▸ EXERCISE MATERIALS:
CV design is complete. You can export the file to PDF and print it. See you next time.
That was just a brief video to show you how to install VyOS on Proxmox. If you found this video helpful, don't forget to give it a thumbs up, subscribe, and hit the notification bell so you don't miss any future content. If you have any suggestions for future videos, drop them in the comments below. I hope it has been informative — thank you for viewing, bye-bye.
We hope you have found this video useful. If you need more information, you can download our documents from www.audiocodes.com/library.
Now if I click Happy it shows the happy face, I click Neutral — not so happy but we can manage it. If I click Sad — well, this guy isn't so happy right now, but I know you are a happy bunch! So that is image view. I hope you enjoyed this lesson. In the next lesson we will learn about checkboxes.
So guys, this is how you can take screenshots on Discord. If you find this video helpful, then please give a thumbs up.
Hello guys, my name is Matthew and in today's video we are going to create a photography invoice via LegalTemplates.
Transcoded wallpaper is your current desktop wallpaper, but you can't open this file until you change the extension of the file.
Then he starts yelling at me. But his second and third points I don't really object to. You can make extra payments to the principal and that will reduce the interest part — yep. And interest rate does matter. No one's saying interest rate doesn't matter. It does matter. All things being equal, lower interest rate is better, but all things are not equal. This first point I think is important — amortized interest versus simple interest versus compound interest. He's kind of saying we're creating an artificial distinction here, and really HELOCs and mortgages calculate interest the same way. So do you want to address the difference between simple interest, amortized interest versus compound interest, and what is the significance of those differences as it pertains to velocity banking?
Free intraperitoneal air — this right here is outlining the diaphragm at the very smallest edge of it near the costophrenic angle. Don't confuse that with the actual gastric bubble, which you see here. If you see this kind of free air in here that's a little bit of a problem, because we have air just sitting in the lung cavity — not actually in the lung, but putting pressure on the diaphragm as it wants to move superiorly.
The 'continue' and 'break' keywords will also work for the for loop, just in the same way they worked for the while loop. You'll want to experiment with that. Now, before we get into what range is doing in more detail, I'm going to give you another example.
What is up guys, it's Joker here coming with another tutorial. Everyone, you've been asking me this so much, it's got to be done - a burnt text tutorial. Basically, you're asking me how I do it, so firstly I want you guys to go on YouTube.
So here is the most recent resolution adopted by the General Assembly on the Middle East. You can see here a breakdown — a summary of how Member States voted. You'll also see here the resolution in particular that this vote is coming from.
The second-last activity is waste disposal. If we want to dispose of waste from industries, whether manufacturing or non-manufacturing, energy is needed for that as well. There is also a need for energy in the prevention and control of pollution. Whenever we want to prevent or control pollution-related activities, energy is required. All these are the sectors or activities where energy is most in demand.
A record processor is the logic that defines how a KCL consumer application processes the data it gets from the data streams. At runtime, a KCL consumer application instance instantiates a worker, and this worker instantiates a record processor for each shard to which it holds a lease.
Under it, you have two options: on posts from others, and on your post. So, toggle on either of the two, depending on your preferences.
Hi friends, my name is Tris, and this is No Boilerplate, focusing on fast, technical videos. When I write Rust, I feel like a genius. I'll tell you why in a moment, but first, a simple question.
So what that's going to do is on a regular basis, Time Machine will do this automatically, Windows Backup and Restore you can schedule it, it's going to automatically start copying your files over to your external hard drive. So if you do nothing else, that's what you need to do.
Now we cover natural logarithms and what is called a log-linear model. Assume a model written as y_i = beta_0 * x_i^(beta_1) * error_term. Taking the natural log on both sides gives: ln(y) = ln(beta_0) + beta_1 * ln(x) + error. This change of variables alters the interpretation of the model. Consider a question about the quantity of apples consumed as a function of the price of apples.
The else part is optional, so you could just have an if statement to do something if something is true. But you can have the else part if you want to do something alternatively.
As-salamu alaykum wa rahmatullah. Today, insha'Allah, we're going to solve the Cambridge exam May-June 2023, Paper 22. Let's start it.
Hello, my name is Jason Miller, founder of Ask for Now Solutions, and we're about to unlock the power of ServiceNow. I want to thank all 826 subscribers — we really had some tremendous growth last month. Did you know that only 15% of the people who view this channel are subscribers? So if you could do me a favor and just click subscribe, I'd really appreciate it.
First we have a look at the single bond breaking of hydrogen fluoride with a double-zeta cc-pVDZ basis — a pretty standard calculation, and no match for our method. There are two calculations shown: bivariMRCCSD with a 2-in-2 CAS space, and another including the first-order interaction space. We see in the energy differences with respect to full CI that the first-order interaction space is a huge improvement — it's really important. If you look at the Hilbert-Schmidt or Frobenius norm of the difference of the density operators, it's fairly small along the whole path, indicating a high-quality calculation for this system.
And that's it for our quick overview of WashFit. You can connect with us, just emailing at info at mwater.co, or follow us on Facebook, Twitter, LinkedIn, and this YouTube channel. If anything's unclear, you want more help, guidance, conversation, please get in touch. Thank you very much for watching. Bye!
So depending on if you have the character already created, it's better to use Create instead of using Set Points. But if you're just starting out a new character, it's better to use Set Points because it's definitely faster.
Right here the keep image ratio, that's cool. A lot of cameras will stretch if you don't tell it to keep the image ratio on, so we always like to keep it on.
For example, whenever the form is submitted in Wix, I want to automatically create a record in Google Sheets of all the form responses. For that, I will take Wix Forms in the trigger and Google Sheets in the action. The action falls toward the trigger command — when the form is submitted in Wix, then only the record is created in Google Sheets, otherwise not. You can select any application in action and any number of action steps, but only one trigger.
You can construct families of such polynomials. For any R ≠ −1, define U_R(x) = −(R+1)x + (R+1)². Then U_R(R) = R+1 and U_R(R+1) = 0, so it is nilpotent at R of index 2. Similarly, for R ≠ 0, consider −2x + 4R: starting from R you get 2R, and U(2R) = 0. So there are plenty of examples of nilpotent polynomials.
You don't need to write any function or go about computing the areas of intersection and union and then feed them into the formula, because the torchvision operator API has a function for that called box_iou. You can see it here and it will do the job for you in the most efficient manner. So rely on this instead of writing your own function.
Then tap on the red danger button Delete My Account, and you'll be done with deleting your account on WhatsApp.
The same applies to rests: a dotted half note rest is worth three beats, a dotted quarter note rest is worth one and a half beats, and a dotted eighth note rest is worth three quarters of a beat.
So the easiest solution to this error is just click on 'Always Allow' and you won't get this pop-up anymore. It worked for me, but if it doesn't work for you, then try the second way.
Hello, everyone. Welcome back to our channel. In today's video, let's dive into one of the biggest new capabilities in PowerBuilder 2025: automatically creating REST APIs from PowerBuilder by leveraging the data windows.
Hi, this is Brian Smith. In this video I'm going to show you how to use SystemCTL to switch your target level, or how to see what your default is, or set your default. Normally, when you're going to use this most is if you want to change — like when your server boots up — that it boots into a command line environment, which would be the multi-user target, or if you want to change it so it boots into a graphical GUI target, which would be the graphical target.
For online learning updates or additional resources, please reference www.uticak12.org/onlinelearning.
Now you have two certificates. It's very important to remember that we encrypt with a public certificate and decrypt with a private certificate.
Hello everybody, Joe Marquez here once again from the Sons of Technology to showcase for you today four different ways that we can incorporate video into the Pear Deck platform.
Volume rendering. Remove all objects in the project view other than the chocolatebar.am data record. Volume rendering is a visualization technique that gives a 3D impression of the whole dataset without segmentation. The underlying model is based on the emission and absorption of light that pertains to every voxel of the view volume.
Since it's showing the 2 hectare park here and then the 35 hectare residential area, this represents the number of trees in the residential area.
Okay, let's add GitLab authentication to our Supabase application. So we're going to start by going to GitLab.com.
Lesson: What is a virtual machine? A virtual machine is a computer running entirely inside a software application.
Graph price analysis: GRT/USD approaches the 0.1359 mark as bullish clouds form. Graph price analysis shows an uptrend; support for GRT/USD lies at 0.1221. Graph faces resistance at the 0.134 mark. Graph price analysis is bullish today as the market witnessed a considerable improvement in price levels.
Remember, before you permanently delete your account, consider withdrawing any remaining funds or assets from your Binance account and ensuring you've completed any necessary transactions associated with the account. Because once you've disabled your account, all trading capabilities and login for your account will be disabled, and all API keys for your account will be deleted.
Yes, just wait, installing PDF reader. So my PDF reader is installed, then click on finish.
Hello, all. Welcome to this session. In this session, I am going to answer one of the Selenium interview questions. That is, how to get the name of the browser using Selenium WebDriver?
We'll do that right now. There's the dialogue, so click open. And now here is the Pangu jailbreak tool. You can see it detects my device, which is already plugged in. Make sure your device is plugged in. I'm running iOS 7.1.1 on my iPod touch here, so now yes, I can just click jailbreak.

▸ TASK INSTRUCTIONS:
Each line containing the word "depending" needs to be copied from the data above.

▸ TASK OUTPUT:
Under it, you have two options: on posts from others, and on your post. So, toggle on either of the two, depending on your preferences.
So depending on if you have the character already created, it's better to use Create instead of using Set Points. But if you're just starting out a new character, it's better to use Set Points because it's definitely faster.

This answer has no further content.